The plan to Japa wasn’t mine.
It was my brother’s idea.
“You can’t keep wasting your talent here, Sade,” he told me one hot Sunday afternoon, as we sat outside waiting for the fan to cool down after yet another blackout. “You deserve a life that’s not powered by generator.”
I laughed it off. Foreign life wasn’t my dream I loved my corner of Lagos: the noise, the food, the chaos that somehow made sense. But the day everything changed was the day my mum fainted in the pharmacy because her BP drugs had doubled in price.
That night, I sat on the floor of my room and cried into my pillow. I cried because I was the oldest child and still couldn’t help enough. I cried because I was tired of “managing.” Tired of watching my parents grow smaller under the weight of life.
So I told my brother, “Okay. Let’s start.”
The journey was war.
Documents. More documents. Police reports. Bank statements that even my bank didn’t understand. Agents speaking English that sounded like scam. IELTS dates booked till next year. Hospitals charging like they sell gold in their needles.
Every day, I wanted to give up.
One night, after studying for IELTS till midnight, the rain started. Not gentle rain the kind that beats your roof like it owes money. Water entered my room and soaked my books. I sat there watching my dreams float in dirty water and I said to myself:
“If this country sees me finish one more time, I’ll scream.”
But I didn’t stop.
The day I took my IELTS, the generator at the center almost died halfway through the test. We all paused and prayed silently for it to hold on. When the results came out and I passed, I printed it and held it like a newborn baby.
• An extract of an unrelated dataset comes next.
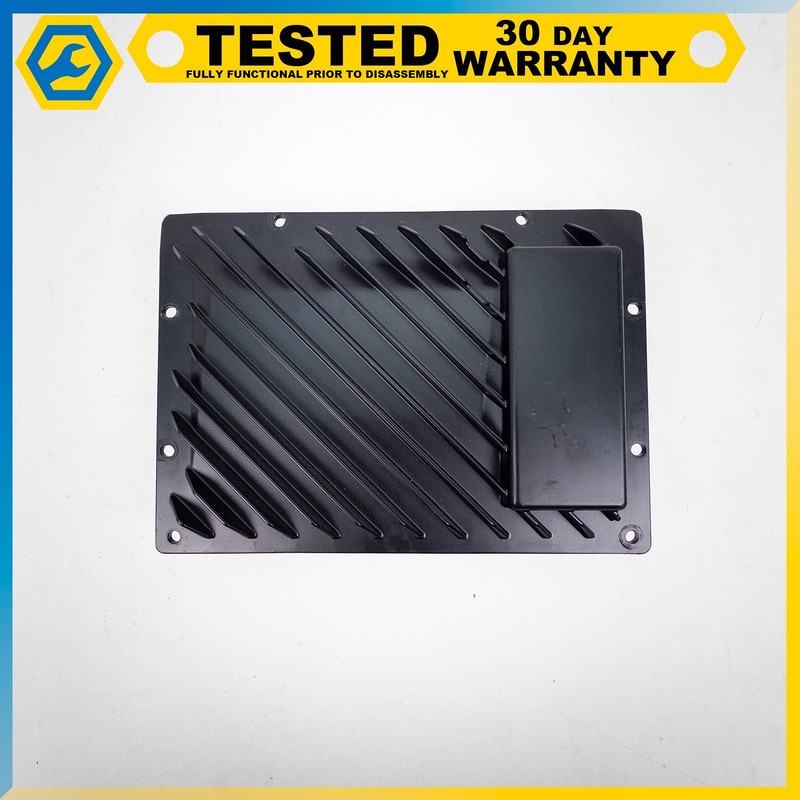 10-19 JAGUAR XJ 600W MERIDIAN STEREO AUDIO AMPLIFIER AMP OEM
Visa processing was another battle. Embassy stress humbled me. I went to sleep every night with my email app open. Weeks passed. Then one afternoon, the mail came:
“Your application has been approved.”
I didn’t know when I started running. I ran to my mum’s shop, dusty slippers and all. She was serving a customer when I arrived, panting.
“Mummy… I got it.”
She froze, then tears filled her eyes. She hugged me like she wanted to keep me from going but still wanted me to go.
Leaving was the hardest.
At Murtala Muhammed Airport, I kept staring at the departure gate like it was a door to another life. My mum pressed a small bottle of anointing oil into my hand. My brother kept saying, “You’ll be fine. You’ll be fine.” But his voice was cracking.
When the plane lifted, I didn’t look out of the window. I closed my eyes and let the weight of everything the sacrifice, the fear, the relief sit on my chest.
Abroad is cold. Abroad is lonely. Abroad is expensive. But abroad is giving me space to breathe.
I work two jobs. I save like my life depends on it. I miss home every day the smell of frying akara, Bike men shouting “Madam shift!”, my mum calling my name with that Yoruba melody.
But when my mum sends me a voice note saying, “Sade, thank you. God bless you,” everything melts.
Japa didn’t fix my life, but it gave me the tools to build it differently.
And maybe one day, when the storm settles and the Lagos sun feels warm again, I’ll return not as the girl who ran, but as the woman who survived.